Required action:
Print the material below exactly as it stands, please, from its first line to the line holding "Solid state drive ssd polygon computer device Solid", with no pictures.

Provided data:
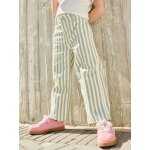Pantalon fille ray� vert sauge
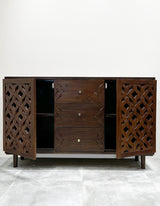 Teak Overlap Hand Carved Console / Buffet - Zufolo Designs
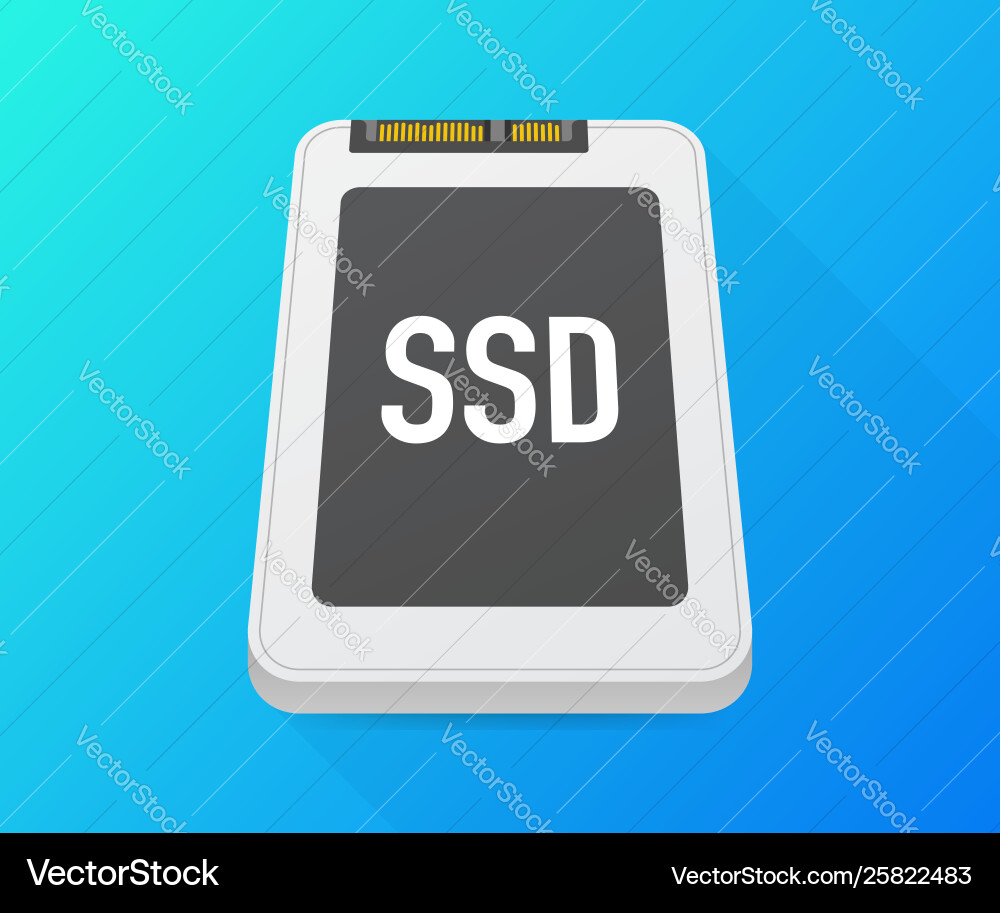 Solid state drive ssd polygon computer device Solid state drive ssd polygon computer device vector image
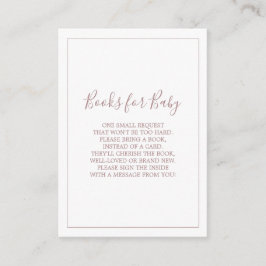 Recepción Tarjeta de libros de oro rosa minimalista para beb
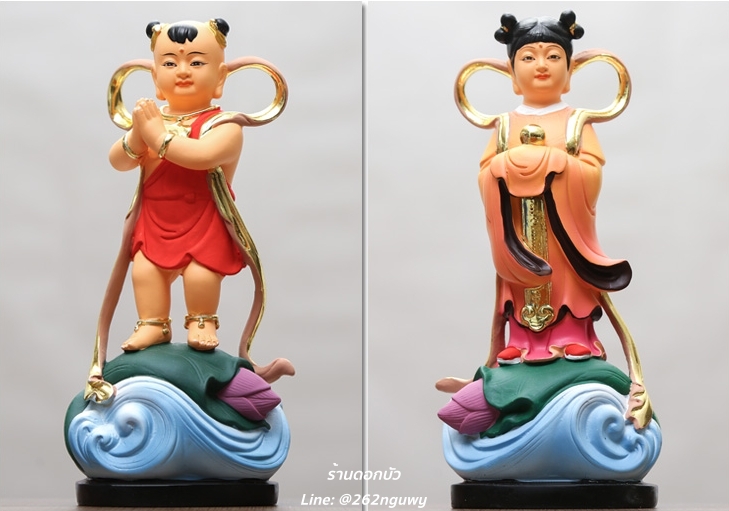 องค์พระกิมท้ง-เง็กนึง, เซียนจ๋าย-หยกลื้อ ปางเด็ก ลูกศิษย์พระโพธิสัตว์กวนอิม งานเรซิ่น ขนาด 10 นิ้ว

Exercise output:
Pantalon fille ray� vert sauge
 Teak Overlap Hand Carved Console / Buffet - Zufolo Designs
 Solid state drive ssd polygon computer device Solid state drive ssd polygon computer device vector image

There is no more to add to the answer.